Hay que romper el sentido común del individualismo neoliberal que precisa sujetos solitarios, aislados, ensimismados. No queda otra que colaborar, asociarse, volver a un sentido comunitario de hacer las cosas. A nivel mediático, la cosa también pinta mal. Tantos matinales idiotas que no dicen nada y lo que dicen, lo repiten una y otra vez. ¿Por qué no dar espacio a los artistas, profesionales o no? La cultura no se trata solamente de personas que ocupan su tiempo en un trabajo que, para el mercado, puede ser ineficiente o improductivo. No se trata de bienes materiales o burocracias para postular a fondos concursables; la cultura es viva, corporiza el sentir de un país. Por eso es importante entender la cultura como un concepto centrífugo y no centrípeto. Hay que expandir, difuminar. Hay que entregarle a los lectores nuevas temáticas, nuevos autores. No puede ser que unos pocos reciban las luces de los medios, las vitrinas de un puñado de librerías o las flores de la academia. El frondoso bosque no puede transformarse en un selecto jardín.

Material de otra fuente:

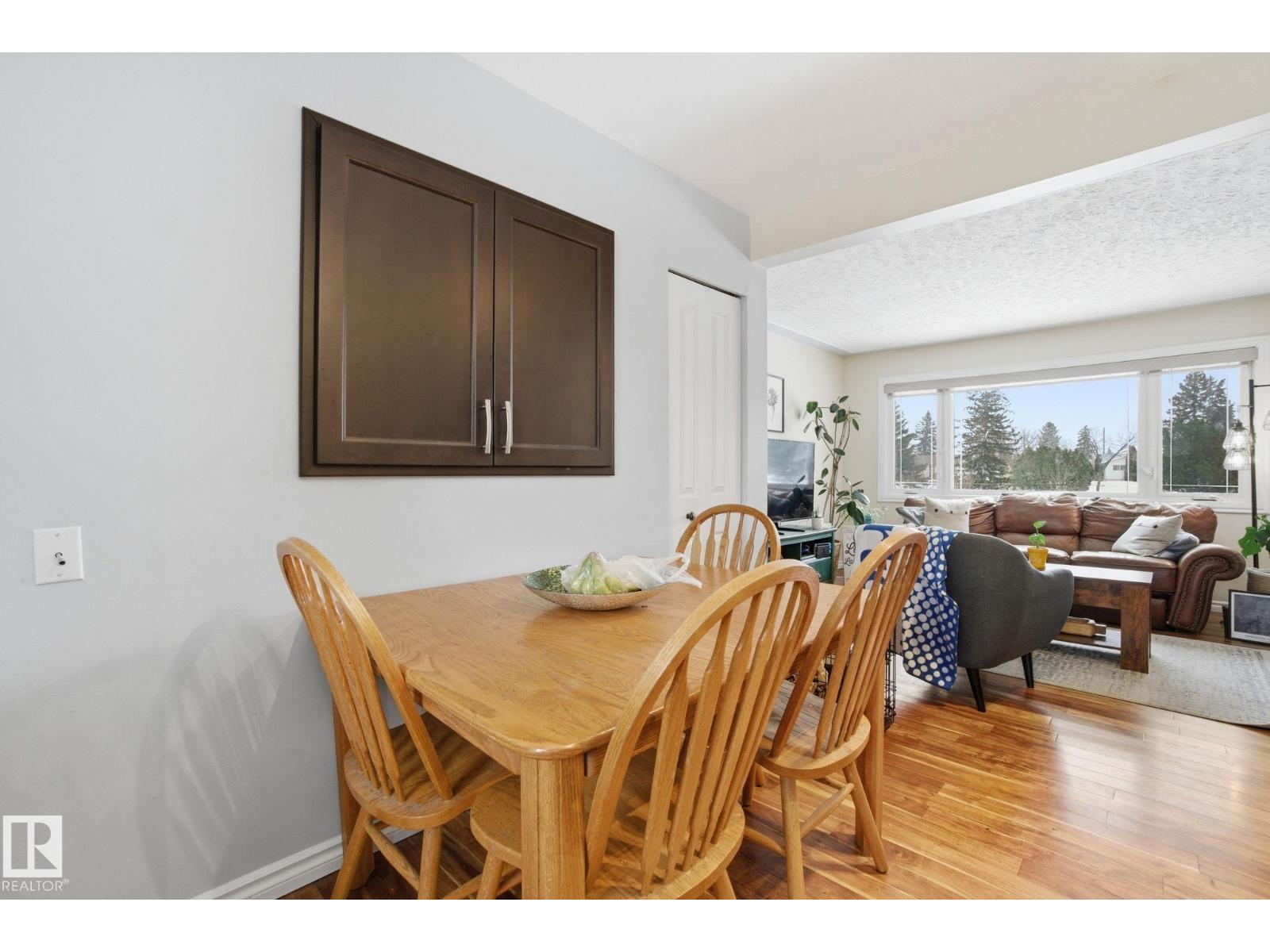 12820 95 St Nw, Edmonton, Alberta  T5E 3Y1 - Photo 9 - E4479211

¿Qué novedades se vienen para este año?

Estamos trabajando El perfecto transitivo con Rodrigo Peralta y Filacteria, que está dentro del catálogo 2019 de la editorial. Es complejo, porque de cierta forma es un libro con muchas textualidades, ritmos, temáticas, pero confío en que todo funcionará bien, tanto por el profesionalismo que veo en mi editor, a esta altura amigo, como por su calidad humana. Elaborar un libro no es sumar una oficina, traspasar un Word a un programa especial, editar, diagramar, imprimir, publicar, distribuir. Es más que todos esos verbos. Implica conversar, pensar, hacer un trabajo mancomunado, divagar. Porque no todo obedece a una lógica racional y causal. Hay que dejar un espacio también a la intuición, al juego, sin menospreciar el tiempo, los detalles, la planificación.

¿Algo más?

También, y de manera complementaria, estoy trabajando en lo que será mi nueva novela, tentativamente llamada Hijo de la cólera. Este libro, aún en fase de escritura y corrección, es un thriller político, policial, que transcurre en 2001, cuando Pinochet todavía vivía. Sin entrar en pormenores, en este libro estoy jugando en dos planos: el qué se cuenta, o sea los acontecimientos narrados, entrecruzados con ciertas temáticas para mí relevantes como es la transición chilena, la eterna disputa filosófica entre lo bueno y lo malo, la perversión y el sentido de justicia, la sociedad de mercado, el biopoder, los roles de género, etc.; y el cómo se cuenta, o sea, el uso de distintos narradores, elipsis, descripciones, diálogos, y la tentativa de una escritura fragmentaria, inferencial.